Eric Blake April 6, 2020, 8:03 p.m. UTC | #1
On 4/6/20 2:13 PM, Paolo Bonzini wrote:
> Deprecate atomic_mb_read and atomic_mb_set; it is not really possible to
> use them correctly because they do not interoperate with sequentially-consistent
> RMW operations.
> 
> Signed-off-by: Paolo Bonzini <pbonzini@redhat.com>
> ---
>   docs/devel/atomics.rst | 290 ++++++++++++++++-------------------------
>   1 file changed, 114 insertions(+), 176 deletions(-)
> 

> @@ -24,6 +29,14 @@ Macros defined by ``qemu/atomic.h`` fall in three camps:
>   
>   - sequentially consistent atomic access: everything else.
>   
> +In general, use of ``qemu/atomic.h`` should be wrapped with more easily
> +used data structures (e.g. the lock-free singly-liked list operations

linked

> +``QSLIST_INSERT_HEAD_ATOMIC`` and ``QSLIST_MOVE_ATOMIC``) or synchronization
> +primitives (such as RCU, ``QemuEvent`` or ``QemuLockCnt``).  Bare use of
> +atomic operations and memory barriers should be limited to inter-thread
> +checking of flags and documented thoroughly.
> +
> +
>   
>   Compiler memory barrier
>   =======================
> @@ -85,36 +98,14 @@ Similar operations return the new value of ``*ptr``::
>       typeof(*ptr) atomic_or_fetch(ptr, val)
>       typeof(*ptr) atomic_xor_fetch(ptr, val)
>   
> -Sequentially consistent loads and stores can be done using::
> -
> -    atomic_fetch_add(ptr, 0) for loads
> -    atomic_xchg(ptr, val) for stores
> +These operations operate on any type that is as wide as an int or smaller.
>   
> -However, they are quite expensive on some platforms, notably POWER and
> -Arm.  Therefore, qemu/atomic.h provides two primitives with slightly
> -weaker constraints::
> +``qemu/atomic.h`` also provides sequentially consistent loads and stores can::
>   

s/ can//

>       typeof(*ptr) atomic_mb_read(ptr)
>       void         atomic_mb_set(ptr, val)
>   
> -The semantics of these primitives map to Java volatile variables,
> -and are strongly related to memory barriers as used in the Linux
> -kernel (see below).
> -
> -As long as you use atomic_mb_read and atomic_mb_set, accesses cannot
> -be reordered with each other, and it is also not possible to reorder
> -"normal" accesses around them.
> -
> -However, and this is the important difference between
> -atomic_mb_read/atomic_mb_set and sequential consistency, it is important
> -for both threads to access the same volatile variable.  It is not the
> -case that everything visible to thread A when it writes volatile field f
> -becomes visible to thread B after it reads volatile field g.

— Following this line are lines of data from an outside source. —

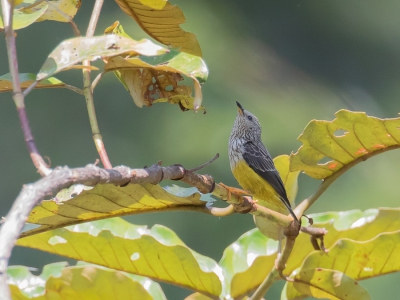 <i class='fa fa-user'></i> Paul van Giersbergen |   Dwergmeesastrild  <i class='fa fa-eye'> 209</i>   <i class='fa fa-comment-o'> 2</i>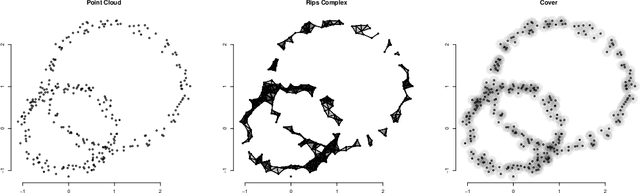 Figure 1 for Supervised Learning with Indefinite Topological Kernels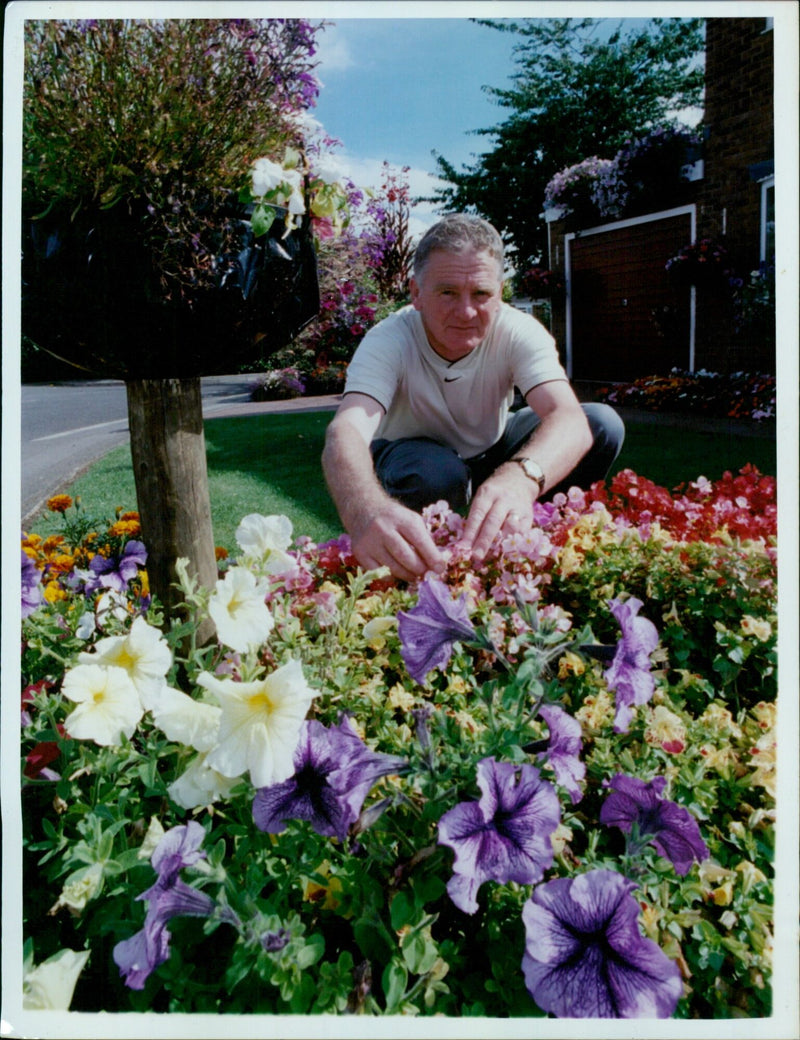 Mr Jeffrey Timms tends his flowers in his garden in Oxford, England. - Vintage Photograph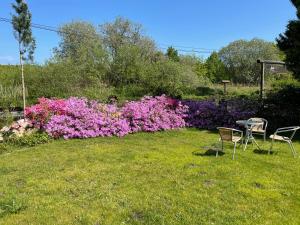 two chairs and a table in a yard with pink flowers at Pension Forstfuhrmannshof in Markgrafenheide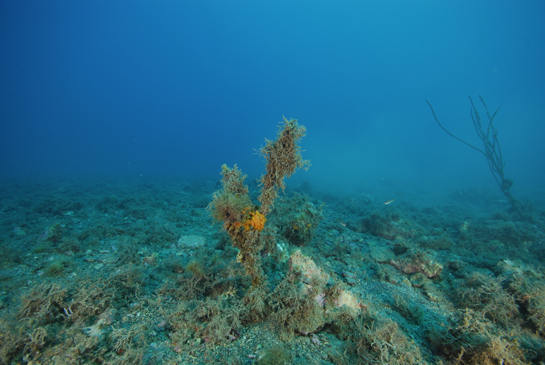 -18m. La pesca artesanal o deportiva causan graves daños a la población de la gorgonia gigante Ellisella paraplexauroides. De la colonia situada en primer plano sólo queda la base, la cual sirve de soporte a algas e invertebrados como el coral naranja Astroides calycularis.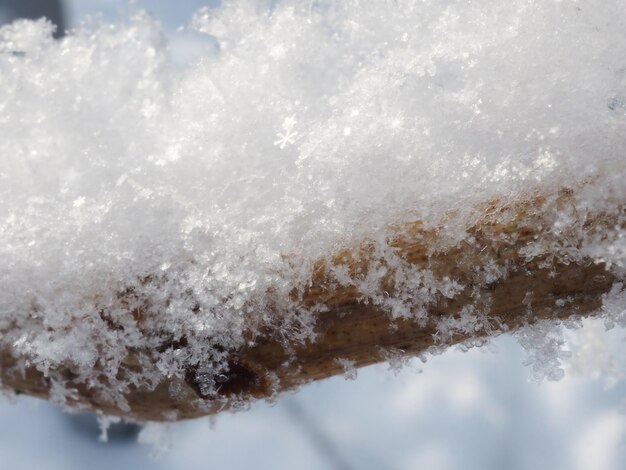 Frost auf den Zweigen der Bäume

The store
> -and load have to "match" (i.e., be performed on the same volatile
> -field) to achieve the right semantics.
> -
> -
> -These operations operate on any type that is as wide as an int or smaller.
> +which however are deprecated.
>
Stefan Hajnoczi April 7, 2020, 9:06 a.m. UTC | #2
On Mon, Apr 06, 2020 at 03:13:18PM -0400, Paolo Bonzini wrote:
> -The semantics of these primitives map to Java volatile variables,
> -and are strongly related to memory barriers as used in the Linux
> -kernel (see below).
> -
> -As long as you use atomic_mb_read and atomic_mb_set, accesses cannot
> -be reordered with each other, and it is also not possible to reorder
> -"normal" accesses around them.
> -
> -However, and this is the important difference between
> -atomic_mb_read/atomic_mb_set and sequential consistency, it is important
> -for both threads to access the same volatile variable.  It is not the
> -case that everything visible to thread A when it writes volatile field f
> -becomes visible to thread B after it reads volatile field g. The store
> -and load have to "match" (i.e., be performed on the same volatile
> -field) to achieve the right semantics.
> -
> -
> -These operations operate on any type that is as wide as an int or smaller.
> +which however are deprecated.

Please indicate why they are deprecated and advise which alternative is
preferred.  This will help readers understand the current best practices
and make a decision about whether to avoid the deprecated APIs.
Paolo Bonzini April 7, 2020, 9:13 a.m. UTC | #3
On 07/04/20 11:06, Stefan Hajnoczi wrote:
>> -
>> -However, and this is the important difference between
>> -atomic_mb_read/atomic_mb_set and sequential consistency, it is important
>> -for both threads to access the same volatile variable.  It is not the
>> -case that everything visible to thread A when it writes volatile field f
>> -becomes visible to thread B after it reads volatile field g. The store
>> -and load have to "match" (i.e., be performed on the same volatile
>> -field) to achieve the right semantics.
>> -
>> -
>> -These operations operate on any type that is as wide as an int or smaller.
>> +which however are deprecated.
> Please indicate why they are deprecated and advise which alternative is
> preferred.  This will help readers understand the current best practices
> and make a decision about whether to avoid the deprecated APIs.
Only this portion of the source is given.